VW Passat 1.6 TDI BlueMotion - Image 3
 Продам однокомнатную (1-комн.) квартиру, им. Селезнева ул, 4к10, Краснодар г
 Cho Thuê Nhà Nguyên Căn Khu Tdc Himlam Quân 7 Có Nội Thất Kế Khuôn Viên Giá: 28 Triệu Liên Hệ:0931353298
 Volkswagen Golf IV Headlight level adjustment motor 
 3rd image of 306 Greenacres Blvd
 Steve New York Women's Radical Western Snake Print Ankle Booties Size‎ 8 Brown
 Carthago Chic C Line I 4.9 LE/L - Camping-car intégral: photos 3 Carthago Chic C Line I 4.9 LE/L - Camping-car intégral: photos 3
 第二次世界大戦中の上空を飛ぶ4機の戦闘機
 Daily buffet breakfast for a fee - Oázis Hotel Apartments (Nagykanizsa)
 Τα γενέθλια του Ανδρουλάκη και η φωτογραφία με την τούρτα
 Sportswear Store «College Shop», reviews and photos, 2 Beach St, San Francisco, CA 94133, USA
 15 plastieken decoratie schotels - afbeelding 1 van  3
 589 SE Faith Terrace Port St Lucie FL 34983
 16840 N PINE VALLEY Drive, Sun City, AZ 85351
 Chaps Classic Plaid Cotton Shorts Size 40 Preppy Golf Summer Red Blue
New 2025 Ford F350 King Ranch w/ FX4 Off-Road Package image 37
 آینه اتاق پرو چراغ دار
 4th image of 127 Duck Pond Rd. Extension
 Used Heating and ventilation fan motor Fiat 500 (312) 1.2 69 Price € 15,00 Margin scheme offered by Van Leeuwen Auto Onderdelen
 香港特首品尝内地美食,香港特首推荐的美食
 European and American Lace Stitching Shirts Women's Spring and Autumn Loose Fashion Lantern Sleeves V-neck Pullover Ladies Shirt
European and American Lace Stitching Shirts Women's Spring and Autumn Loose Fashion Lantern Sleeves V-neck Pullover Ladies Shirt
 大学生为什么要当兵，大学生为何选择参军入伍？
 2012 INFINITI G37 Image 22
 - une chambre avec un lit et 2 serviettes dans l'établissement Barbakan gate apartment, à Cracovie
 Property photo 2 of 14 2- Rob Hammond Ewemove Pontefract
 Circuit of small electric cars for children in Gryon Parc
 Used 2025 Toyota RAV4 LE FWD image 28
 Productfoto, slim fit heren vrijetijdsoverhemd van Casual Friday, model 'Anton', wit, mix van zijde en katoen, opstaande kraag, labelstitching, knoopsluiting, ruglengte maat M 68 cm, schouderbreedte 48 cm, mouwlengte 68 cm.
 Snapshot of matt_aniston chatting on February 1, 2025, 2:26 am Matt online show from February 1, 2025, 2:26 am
┄┄┄┄┄┄
:: WHAT IS NEEDED ::
Nothing but the exact lines of the data above, from the line containing "Used 2025 Toyota RAV4 LE FWD image 28" through the last, should appear in the answer.

:: ANSWER BELOW ::
 Used 2025 Toyota RAV4 LE FWD image 28
 Productfoto, slim fit heren vrijetijdsoverhemd van Casual Friday, model 'Anton', wit, mix van zijde en katoen, opstaande kraag, labelstitching, knoopsluiting, ruglengte maat M 68 cm, schouderbreedte 48 cm, mouwlengte 68 cm.
 Snapshot of matt_aniston chatting on February 1, 2025, 2:26 am Matt online show from February 1, 2025, 2:26 am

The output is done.